- [COLLECTED DATA]
Segment Open
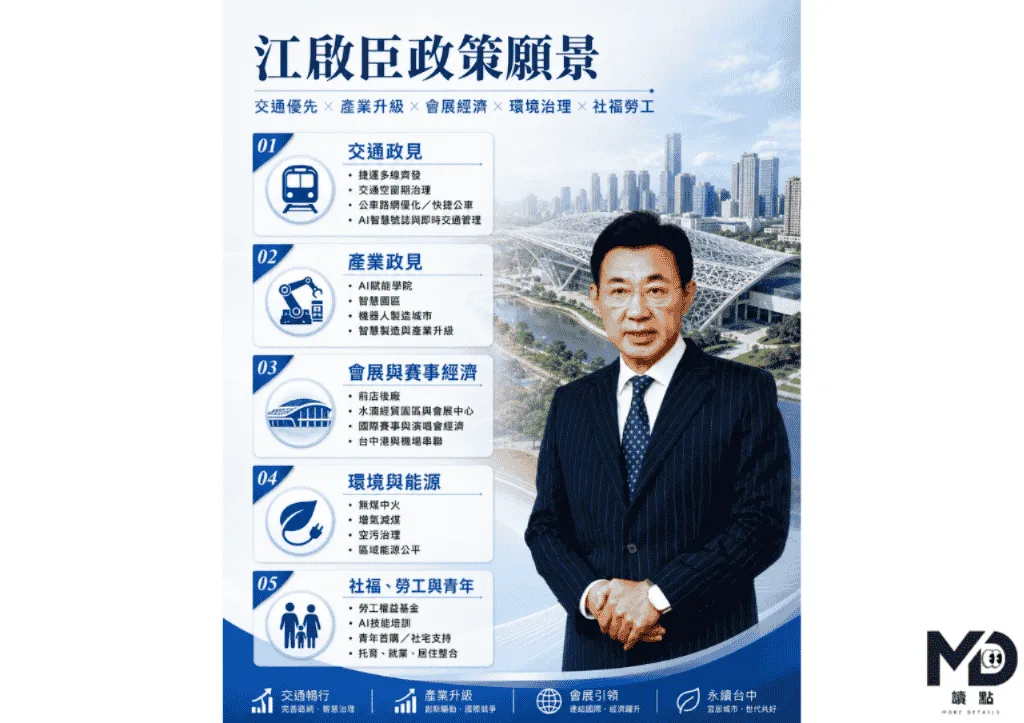 江啟臣政策願景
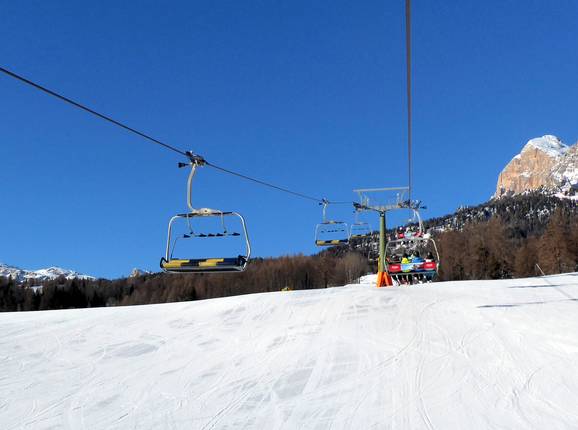 Gilardon-Roncato (Socrepes)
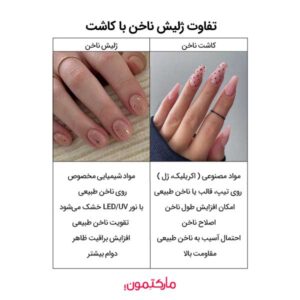 تفاوت ژلیش ناخن با کاشت و لمینت سایر روش‌ها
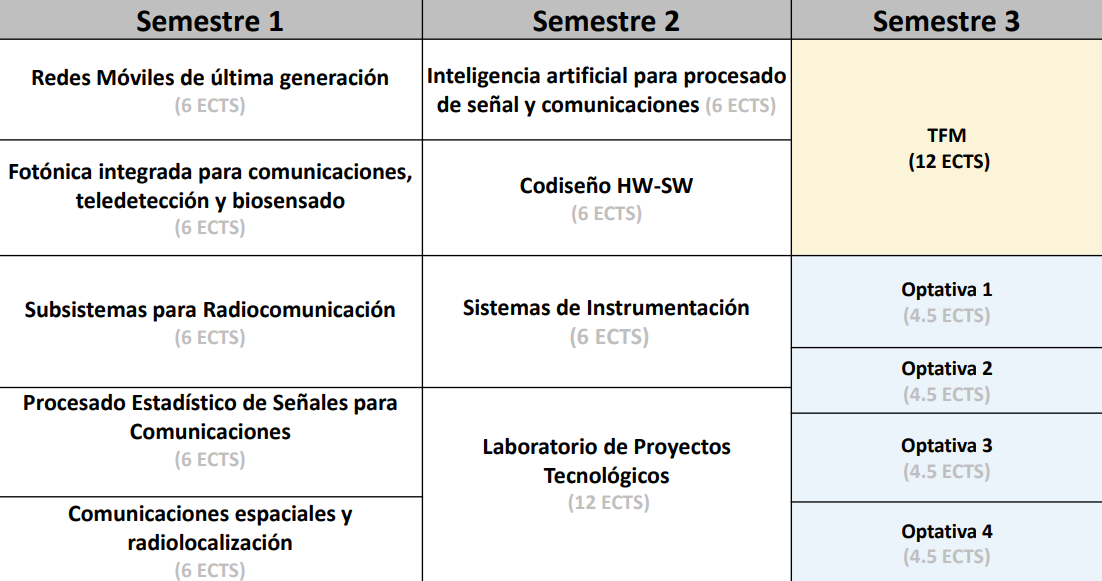 ETSIT_EstructutaMit_Plan2024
Segment Closed
- [GOAL OF THE EXERCISE] Please set down the lines above word for word and leave out the pictures.

- [ANSWER SECTION]
 江啟臣政策願景
 Gilardon-Roncato (Socrepes)
 تفاوت ژلیش ناخن با کاشت و لمینت سایر روش‌ها
 ETSIT_EstructutaMit_Plan2024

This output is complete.